For just over two years, beoutQ has been operating the single most extensive, most comprehensive and audacious pirate broadcast operation in the history of modern media.

When Saudi Arabia, the UAE, Bahrain and Egypt began a political blockade of Qatar in June 2017, Qatari broadcaster beIN SPORTS was prevented from operating in Saudi Arabia, credit card payments were blocked, criminal sanctions were threatened against any distributors, and its set top boxes were confiscated across the kingdom.

BeIN, one of the largest sports media spenders in the world – with some $15 billion tied up in rights fees, and further billions invested in infrastructure and production – suddenly found the largest of the 24 markets across the Middle East and North Africa it has steadily been amassing exclusive rights in removed from its books. Not only that, but within weeks a pirate service had sprung up in its place, taking beIN content wholesale, and rebroadcasting it, rebadged under the beoutQ name, across Saudi Arabia and the region.
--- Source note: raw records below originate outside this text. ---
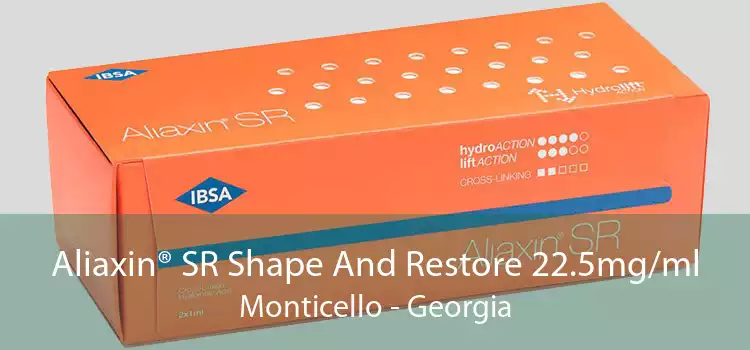 Aliaxin® SR Shape And Restore 22.5mg/ml Monticello - Georgia
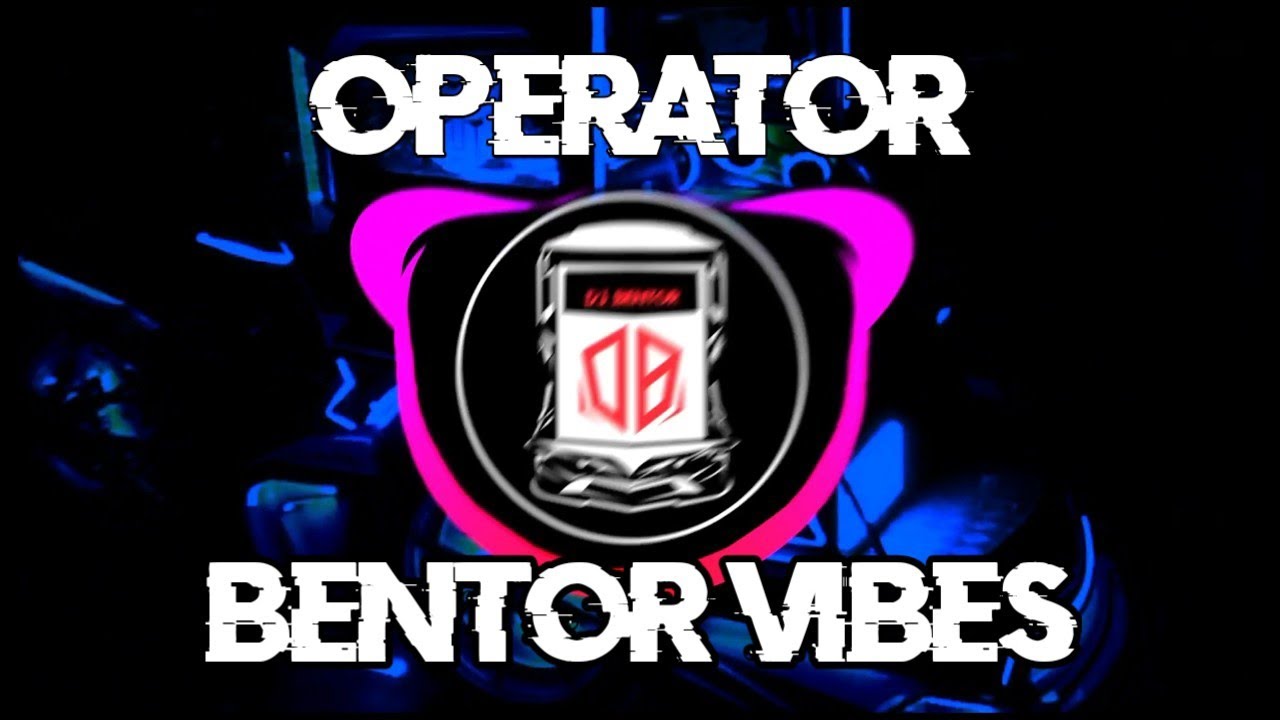 DJ OPERATOR NAIKAN BASS DJBNTR RMX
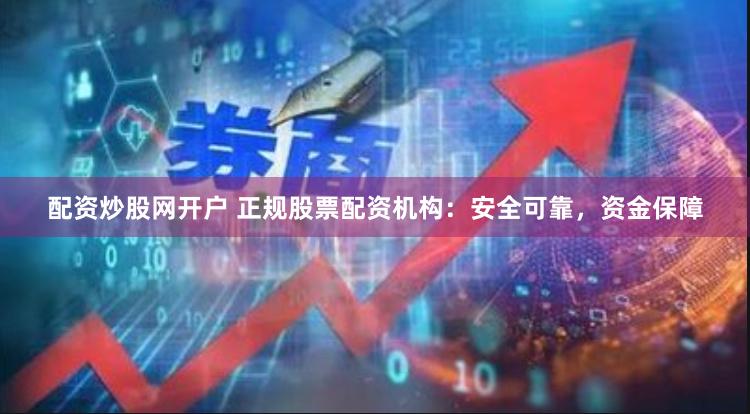 配资炒股网开户 正规股票配资机构：安全可靠，资金保障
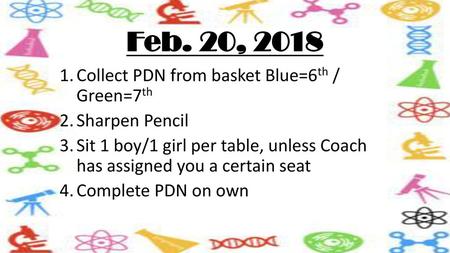 Feb. 20, 2018 Collect PDN from basket Blue=6th / Green=7th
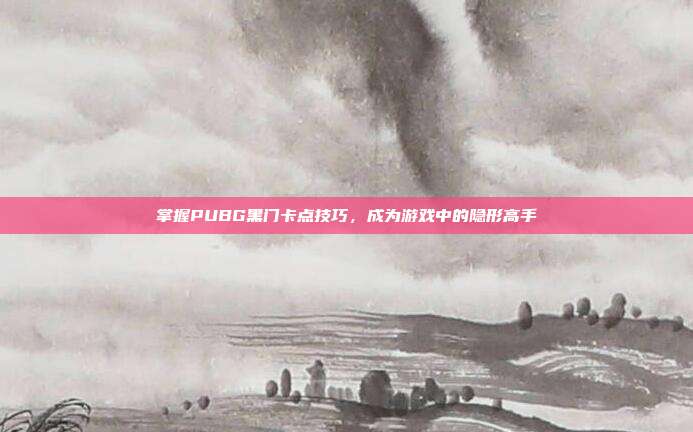 掌握PUBG黑门卡点技巧,成为游戏中的隐形高手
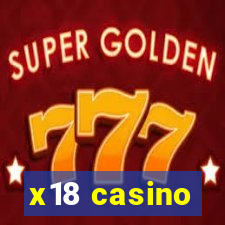 x18 casino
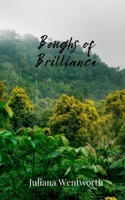 Boughs of Brilliance 1805675117 Book Cover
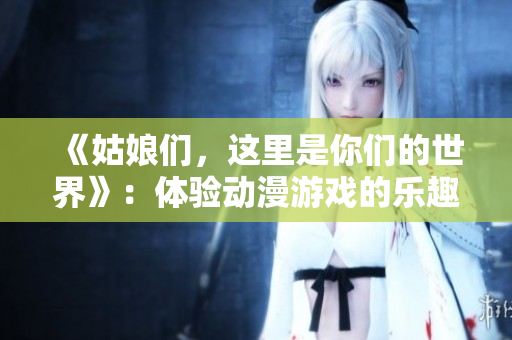 《姑娘們，這里是你們的世界》：體驗動漫游戲的樂趣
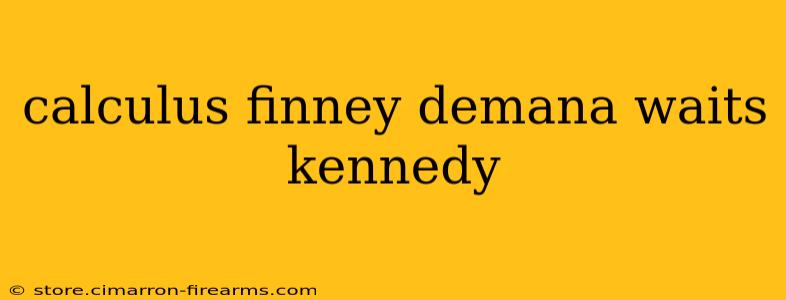 calculus finney demana waits kennedy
Starting as a ‘standard’ pirate streaming service, by October 2017 beoutQ was transmitting ten live HD channels, curated largely from beIN content, via satellite across the region, selling beoutQ-branded boxes, beoutQ annual subscriptions, publishing a rate card for ads to be inserted into its programming, and setting itself up as a legitimate-looking broadcaster.
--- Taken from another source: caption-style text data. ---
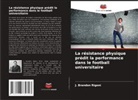 J. Brandon Rigoni - La résistance physique prédit la performance dans le football universitaire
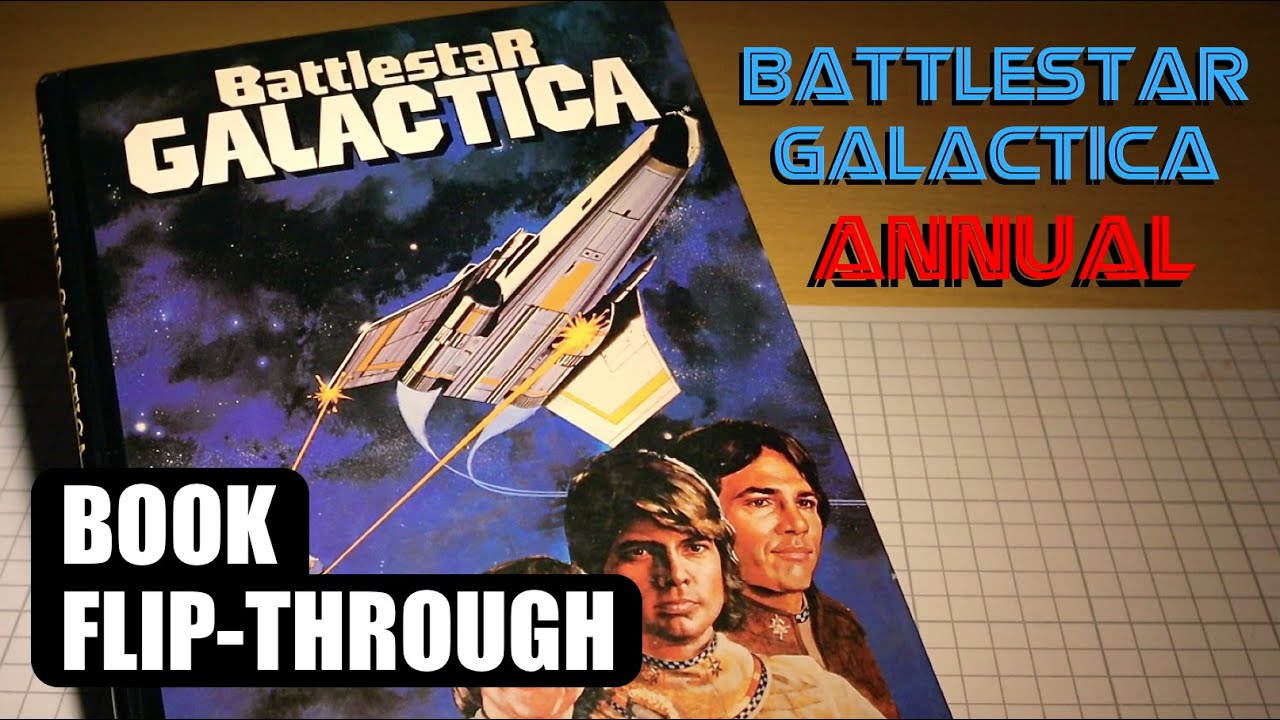 Battlestar Galactica Annual (Book Flip-Through)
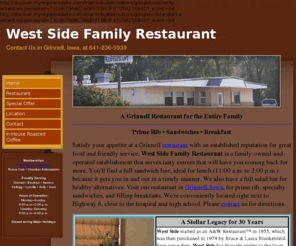 westsidefamilyrestaurant.com: Family Restaurant, Breakfast, Lunch & Dinner in Grinnell, Iowa
Visit our restaurant in Grinnell, Iowa. Voted Best of the Best.  Best Coffee only Restaurant in town that roasts our own coffee, Best Burger, Best Restaurant, Best Tenderloin.  Come see why we were voted Best of the Best. I have to say our Steaks are the Best of all.  
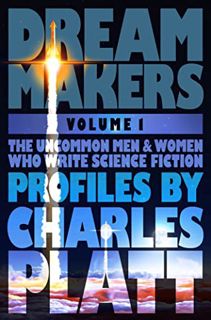 READ [EPUB KINDLE PDF EBOOK] DREAM MAKERS: The Uncomon Men and Women who Write Science Fiction by  C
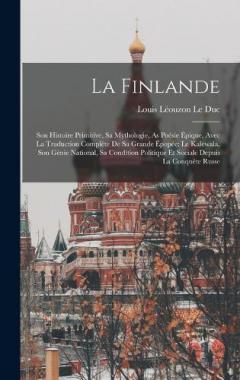 La Finlande: Son Histoire Primitive, Sa Mythologie, As Poésie Épique, Avec La Traduction Complète De Sa Grande Épopée: Le Kalewala, Son Génie National, Sa Condition Politique Et Sociale Depuis La Conquête Russe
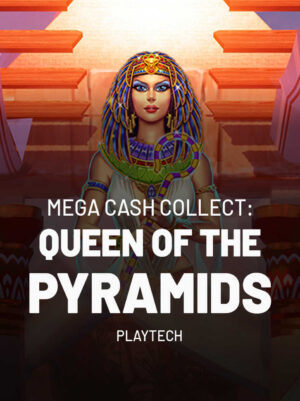 Mega Cash Collect: Queen of the Pyramids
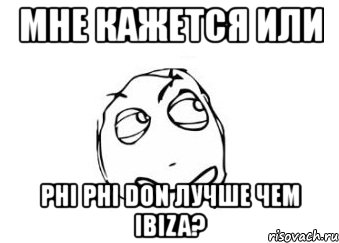 мне кажется или phi phi don лучше чем ibiza?, Мем Мне кажется или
The story of beoutQ has certainly helped to change attitudes. And, as it continues, it will certainly help to shift more. Even in an age of advanced internet piracy, beoutQ has proved unique and uniquely challenging. It is sophisticated; it is brazen; and there are very few recourses to shut it down.

This report is an analysis of the unprecedented beoutQ piracy, and a case study on the unprecedented tri-pronged action taken to combat it to date – action split along technological, legal, and political lines. Multiple senior stakeholders – from rights holders, broadcasters, government entities, and legal and technical service providers – have been interviewed but many on the condition of anonymity, a measure of the sensitivity and nervousness around this case.

 

 

This report has been written with the support of beIN MEDIA GROUP.